Após o doutorado, Pellizari queria continuar trabalhando com os biodegradadores de PCBs. Ela começou uma parceria com o professor Rolf Weber, que fazia a análise química da degradação do poluente. Ele trabalhava no Instituto de Oceanografia da USP e conduzia pesquisas na Antártica. Ambos tinham interesse em saber se existiam bactérias degradadoras em um ambiente tão frio e inóspito quanto o Polo Sul.
A resposta é sim. Não são os mesmos microrganismos encontrados no Rio Pinheiros, mas o estudo genético permitiu encontrar aquela mesma “família” de genes nas bactérias antárticas.
Em paralelo à pesquisa com os degradadores de PCBs, Pellizari ainda estudou os microrganismos que degradam hidrocarbonetos, compostos que vêm do petróleo e usados como combustível na estação de pesquisa brasileira na Antártica, o que pode contaminar o ambiente em caso de acidentes.
As bactérias degradadoras foram só o início da carreira da bióloga na Antártica. Após estudar aplicações práticas dos microrganismos, ela quis entender como eles se adaptam para viver em um ambiente tão extremo: existe vida microbiana no solo congelado, no fundo do mar, lagos subglaciais e até em vulcões.
A ilha Deception, por exemplo, é um vulcão submerso ativo. “Lá existem desde geleiras até o solo exposto a 100ºC. Vimos como os microrganismos são diversos e modulam sua sobrevivência aos diferentes tipos de estresse, seja pelas temperaturas altas e baixas ou nas condições de dessecação do gelo”, diz a pesquisadora.
Esses extremófilos conseguem reparar danos no DNA, produzir moléculas anti-congelantes, entre outras estratégias de sobrevivência. Junto com sua equipe, a bióloga fez a reconstrução dos genomas desses microrganismos para compreender suas características metabólicas e determinar onde eles se inserem na linha evolutiva. Na Ilha Deception, eles encontraram uma arqueia do gênero Pyrodictium pela primeira vez na Antártica. O gênero só havia sido descrito em fontes termais no oceano profundo.

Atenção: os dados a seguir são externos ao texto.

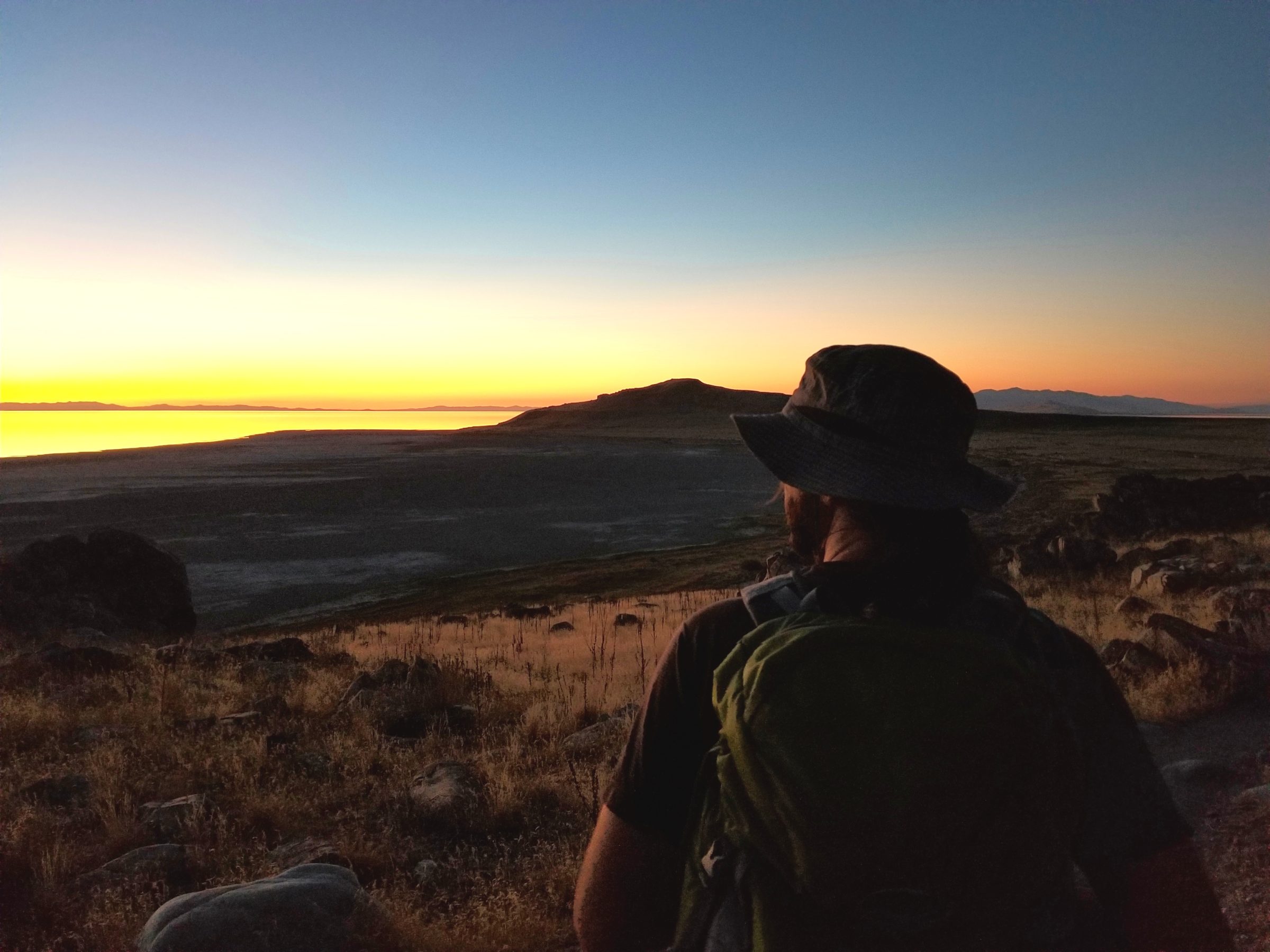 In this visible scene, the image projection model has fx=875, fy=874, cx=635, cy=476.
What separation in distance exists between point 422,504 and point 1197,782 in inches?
1546

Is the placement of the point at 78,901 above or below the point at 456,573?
above

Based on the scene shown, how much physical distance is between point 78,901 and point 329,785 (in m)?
1.70

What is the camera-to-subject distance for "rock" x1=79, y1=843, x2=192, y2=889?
413 cm

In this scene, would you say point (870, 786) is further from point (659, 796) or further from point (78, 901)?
point (78, 901)

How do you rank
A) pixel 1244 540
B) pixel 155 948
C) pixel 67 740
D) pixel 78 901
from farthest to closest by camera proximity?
pixel 1244 540
pixel 67 740
pixel 78 901
pixel 155 948

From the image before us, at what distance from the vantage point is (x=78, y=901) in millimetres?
3941

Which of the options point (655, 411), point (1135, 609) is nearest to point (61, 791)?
point (1135, 609)

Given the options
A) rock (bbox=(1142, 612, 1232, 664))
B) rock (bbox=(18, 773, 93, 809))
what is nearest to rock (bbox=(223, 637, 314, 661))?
rock (bbox=(18, 773, 93, 809))

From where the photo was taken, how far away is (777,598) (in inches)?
55.8

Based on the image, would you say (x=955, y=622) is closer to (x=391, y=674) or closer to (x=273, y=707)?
(x=273, y=707)

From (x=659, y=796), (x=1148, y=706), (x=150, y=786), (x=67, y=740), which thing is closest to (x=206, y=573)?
(x=67, y=740)

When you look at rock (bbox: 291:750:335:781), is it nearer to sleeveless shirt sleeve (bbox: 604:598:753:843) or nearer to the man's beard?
sleeveless shirt sleeve (bbox: 604:598:753:843)

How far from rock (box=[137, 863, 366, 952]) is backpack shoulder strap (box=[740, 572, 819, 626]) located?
260cm

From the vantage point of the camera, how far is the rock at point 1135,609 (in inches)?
359
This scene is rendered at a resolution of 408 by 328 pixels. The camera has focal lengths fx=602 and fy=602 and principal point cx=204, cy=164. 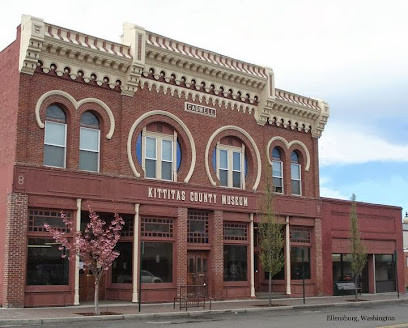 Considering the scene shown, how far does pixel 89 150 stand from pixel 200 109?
259 inches

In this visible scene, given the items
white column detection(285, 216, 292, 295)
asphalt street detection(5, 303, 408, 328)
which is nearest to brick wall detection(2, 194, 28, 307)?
asphalt street detection(5, 303, 408, 328)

A diversidade e resiliência dos microrganismos não eram conhecidas até pouco tempo. Pellizari foi pioneira nos estudos de microbiologia antártica no Brasil. “Nunca esqueço de quando fui na estação de pesquisa antártica e me falaram: ‘Não tem microrganismo aqui. Eu já joguei uma maçã no lago e não teve decomposição”, conta ela.
Mesmo que eles não sejam capazes de decompor maçãs em temperaturas baixas, há microrganismos de sobra na Antártica. Recentemente, Pellizari usou sequenciamento para determinar como eles se dispersam e colonizam diferentes regiões da Antártica. Ela analisa a trajetória de massas de ar e compara a informação genética de diferentes micróbios: do mar, da Ilha Deception, dos solos próximos da estação de pesquisa e do gelo acumulado no interior do continente antártico. Microrganismos como as arqueias, por exemplo, podem ter sido dispersos pelo vento da península para o interior do continente antártico. No interior do gelo, podem ser encontrados microrganismos de origens desconhecidas.

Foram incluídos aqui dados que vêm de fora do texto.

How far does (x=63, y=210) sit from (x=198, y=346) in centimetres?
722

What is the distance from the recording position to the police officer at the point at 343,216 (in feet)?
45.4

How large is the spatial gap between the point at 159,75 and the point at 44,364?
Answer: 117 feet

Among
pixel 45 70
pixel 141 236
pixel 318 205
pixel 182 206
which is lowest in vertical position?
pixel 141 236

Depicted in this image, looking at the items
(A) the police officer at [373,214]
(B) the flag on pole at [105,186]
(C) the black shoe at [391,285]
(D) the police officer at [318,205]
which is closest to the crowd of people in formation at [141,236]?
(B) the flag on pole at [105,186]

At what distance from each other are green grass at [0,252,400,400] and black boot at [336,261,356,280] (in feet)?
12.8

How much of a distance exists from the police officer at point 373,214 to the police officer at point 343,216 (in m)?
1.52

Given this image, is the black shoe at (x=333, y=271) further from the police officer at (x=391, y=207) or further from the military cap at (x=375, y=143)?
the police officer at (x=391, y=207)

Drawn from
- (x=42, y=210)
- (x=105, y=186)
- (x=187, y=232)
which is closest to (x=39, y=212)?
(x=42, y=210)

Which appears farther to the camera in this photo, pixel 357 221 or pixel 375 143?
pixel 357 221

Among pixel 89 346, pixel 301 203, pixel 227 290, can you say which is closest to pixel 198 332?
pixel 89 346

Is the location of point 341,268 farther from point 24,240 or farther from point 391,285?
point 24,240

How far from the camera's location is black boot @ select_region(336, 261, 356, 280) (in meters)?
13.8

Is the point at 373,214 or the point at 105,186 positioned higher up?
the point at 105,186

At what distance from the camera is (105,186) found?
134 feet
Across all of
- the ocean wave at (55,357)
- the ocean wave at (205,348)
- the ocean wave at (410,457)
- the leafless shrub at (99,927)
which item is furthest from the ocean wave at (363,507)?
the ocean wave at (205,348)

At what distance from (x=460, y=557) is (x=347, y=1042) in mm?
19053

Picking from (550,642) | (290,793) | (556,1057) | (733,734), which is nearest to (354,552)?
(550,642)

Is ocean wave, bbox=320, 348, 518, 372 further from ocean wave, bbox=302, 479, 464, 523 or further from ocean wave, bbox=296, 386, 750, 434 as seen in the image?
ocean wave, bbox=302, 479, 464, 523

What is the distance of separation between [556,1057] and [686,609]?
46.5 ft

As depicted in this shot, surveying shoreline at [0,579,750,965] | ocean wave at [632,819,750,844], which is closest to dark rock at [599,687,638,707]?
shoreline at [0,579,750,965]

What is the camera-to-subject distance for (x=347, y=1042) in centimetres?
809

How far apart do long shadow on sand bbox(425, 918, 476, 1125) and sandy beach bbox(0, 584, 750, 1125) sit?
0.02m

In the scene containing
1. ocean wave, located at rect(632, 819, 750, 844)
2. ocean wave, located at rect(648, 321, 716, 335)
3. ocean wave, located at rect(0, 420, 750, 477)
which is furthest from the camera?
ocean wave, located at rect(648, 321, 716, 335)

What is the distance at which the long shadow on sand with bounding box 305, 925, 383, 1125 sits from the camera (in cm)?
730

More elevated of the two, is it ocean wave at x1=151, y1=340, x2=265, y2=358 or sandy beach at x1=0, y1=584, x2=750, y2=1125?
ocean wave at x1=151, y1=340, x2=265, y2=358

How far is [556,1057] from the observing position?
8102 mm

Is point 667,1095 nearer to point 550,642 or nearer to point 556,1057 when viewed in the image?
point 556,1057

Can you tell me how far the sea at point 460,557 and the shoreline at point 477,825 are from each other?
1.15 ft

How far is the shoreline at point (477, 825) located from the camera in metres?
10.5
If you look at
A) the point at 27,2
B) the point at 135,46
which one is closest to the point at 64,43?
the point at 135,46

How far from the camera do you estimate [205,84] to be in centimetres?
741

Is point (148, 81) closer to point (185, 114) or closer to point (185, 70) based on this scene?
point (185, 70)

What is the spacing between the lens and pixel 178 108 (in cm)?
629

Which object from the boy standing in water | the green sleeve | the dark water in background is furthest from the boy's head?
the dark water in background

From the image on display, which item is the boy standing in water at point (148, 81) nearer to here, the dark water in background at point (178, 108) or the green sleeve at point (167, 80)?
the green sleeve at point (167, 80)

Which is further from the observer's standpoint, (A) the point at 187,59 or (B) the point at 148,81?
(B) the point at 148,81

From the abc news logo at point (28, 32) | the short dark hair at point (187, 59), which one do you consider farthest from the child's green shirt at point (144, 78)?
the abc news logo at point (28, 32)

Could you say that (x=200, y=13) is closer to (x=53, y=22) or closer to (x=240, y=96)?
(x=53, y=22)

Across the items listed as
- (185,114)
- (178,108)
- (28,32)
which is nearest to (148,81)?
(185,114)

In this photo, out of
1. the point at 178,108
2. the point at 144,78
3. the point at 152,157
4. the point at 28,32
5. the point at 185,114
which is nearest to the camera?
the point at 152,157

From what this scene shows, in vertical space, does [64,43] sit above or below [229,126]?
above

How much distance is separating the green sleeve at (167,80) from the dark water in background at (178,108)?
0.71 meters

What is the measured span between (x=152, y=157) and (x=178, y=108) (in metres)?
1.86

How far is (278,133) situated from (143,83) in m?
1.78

Todas essas pesquisas têm sido feitas em conjunto com outros colegas microbiologistas e muitos pós-graduandos que ela orientou ao longo dos últimos 20 anos. Agora, o objetivo da pesquisadora é sistematizar esses dados e compará-los para observar possíveis mudanças causadas pelo aquecimento global e aumento de temperaturas da Antártica. Hoje, Pellizari é professora do Instituto Oceanográfico da USP.